Mutual funds evolved way back in 1963, but have gained attention in recent times post demonetization and the digital India campaign. Even SEBI (Securities and Exchange Board of India) and AMFI (Association of Mutual Funds in India) have become the forerunners in bringing awareness about mutual funds among investors. However, people still wonder why they would invest in mutual funds rather than in other instruments such as insurance, PPF, bank FDs (Fixed Deposits), post office schemes, etc.
With respect to mutual funds, people make investment decisions based on two major factors – returns (specifically which are guaranteed) and risk. Owing to those considerations, people tend to move to bank FDs and government securities which give them guaranteed returns with less or virtually no risk. Nonetheless, one should not base their investment decisions solely on these two factors. Let us go on to discuss what makes mutual funds a more attractive investment product.
Returns
Return is a factor that people tend to give the highest weightage to. One of the most common questions asked by people is the rates of return that mutual funds provide in comparison to bank FDs.

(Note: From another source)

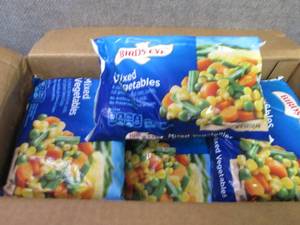 lot 674 image: DD 12- 16 oz FROZEN Birds Eye Mixe...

It is crucial to understand that returns depend on various factors such as asset class, investment horizon, investment objective, etc. Looking at the historical performance of mutual funds helps to better predict if they will perform well and are capable of providing better inflation-adjusted returns.
Discipline
Investors should be disciplined enough so as to actually benefit from their investments. Systematic Investment Plan (SIP) is one of the facilities in mutual fund which allows investors to invest small amounts regularly over a period of time. Usually, it is preferred to invest on a monthly basis but one can also do so daily or annually via SIP. This feature enables to stay invested in a disciplined manner by regularly participating in market.
Diversification
It has been correctly stated to not put all eggs in one basket while investing. This suggests spreading out your investment across different asset classes to reduce your risk. Mutual funds are structured in a way such that you automatically get the diversification benefit since the fund manager invests in various stocks of different sectors. With hybrid mutual funds, the fund manager invests in both equity as well as debt to further diversify across asset classes. Yet, this does not imply that you place all your money in a single mutual fund; however, it has been observed that beyond a certain limit, investing in more and more number of mutual fund schemes does not provide any diversification benefit.